The most simple way to judge the success of a coach is by looking at their record. In the past 3 seasons with the Raiders, Gruden has only 19 wins and 29 losses. This is a very ugly winning percentage that is below 40 percent. In fact, none of the 3 seasons have been winning seasons, and the Raiders have missed the playoffs all 3 years. The legendary Al Davis, the former owner of the Raiders, had the very famous motto of, “Just win, baby!” It’s safe to say that Gruden has not lived that motto so far.

Roster Decisions

In addition to all of the money Davis gave Gruden, he also gave him the power to collaborate with GM Mike Mayock about player personnel decisions. The moves that this tandem has made in these 3 years have been questionable at best. First, they traded away their two best players in Khalil Mack and Amari Cooper. Then they chose the wrong “veteran impact players” such as Antonio Brown and Vontaze Burfict, who provided zero leadership and are no longer with the team.

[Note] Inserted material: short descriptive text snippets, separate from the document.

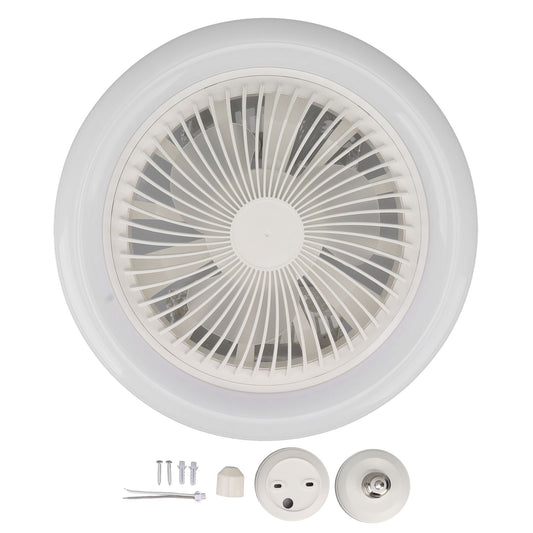 9.8in LED Ceiling Fan Light Quiet 3 Gears Ceiling Fan with E27 Lamp for Living Room 86-265V White V1294-YM3119220141711-0421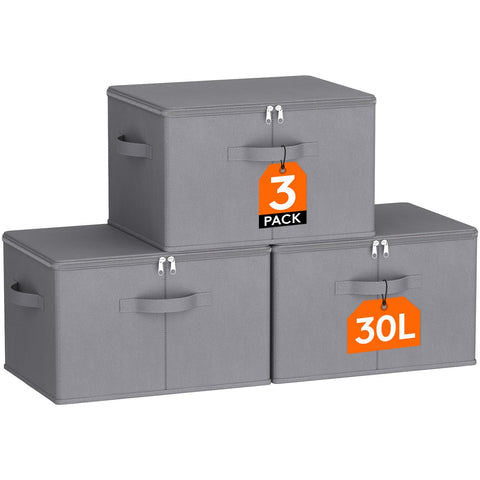 Lifewit Wardrobe Storage Box with lid, 30L, 40x30x25 cm, Grey, 3 Pack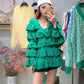 Autumn and Winter Multi-level Flared Sleeve Cake Skirt Ruffled Knitted Sweater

One of the most puzzling things they have done happened during this current offseason. They released three of their starting offensive lineman from a year ago and traded another away. To make it even worse, the one they traded away, Trent Brown, is a solid tackle who is in the prime of his career at just 27 years old. In return, they received nothing more than a fifth-round draft pick. That is extremely poor value.

Questionable Draft Picks

Though drafting is a collaborative effort, Gruden has the final say in Las Vegas when making their selection. In his three drafts, the results have been mixed and the strategy seems off. He has reached on several picks and completely missed on others. Last year he selected Henry Ruggs over both Jerry Jeudy and CeeDee Lamb. It’s only been one season but so far that looks to be a big mistake. At least Ruggs has not been a complete failure, he does show some big-play ability, and he is nowhere near the worst pick for Gruden. His list of bad choices when selecting in the top 100 include Damon Arnette, Arden Key, Lynn Bowden, Jonathan Abram, PJ Hall, and Tanner Muse. All of these players clearly qualify as draft busts.

Divisional Competition

There isn’t much of a case to be made that the Raiders are a better team heading into the 2021 season than they were a year ago. The same can’t be said about the other three teams in the division, and because of this, the AFC West is going to be a major challenge. The Chiefs, who were already not only the best team in the division but in the whole conference as well, improved even further by upgrading their offensive line. The other two teams, the Broncos and the Chargers, have made moves this offseason to improve their roster and provide optimism for the upcoming campaign. It appears that the only team in this division that has not taken a step forward is the Raiders.

Changing the Narrative

On the positive side for Gruden, despite the losing overall record and questionable roster moves, the Raiders record has actually improved each season since he arrived. If that trend were to continue, they should have a winning season this year and would likely make the playoffs. The issues presented by his decisions are going to make that very difficult, but of course, it’s not impossible. Now officially in the middle portion of that long ten-year contract, it’s time for Gruden to prove whether or not he was worth the investment.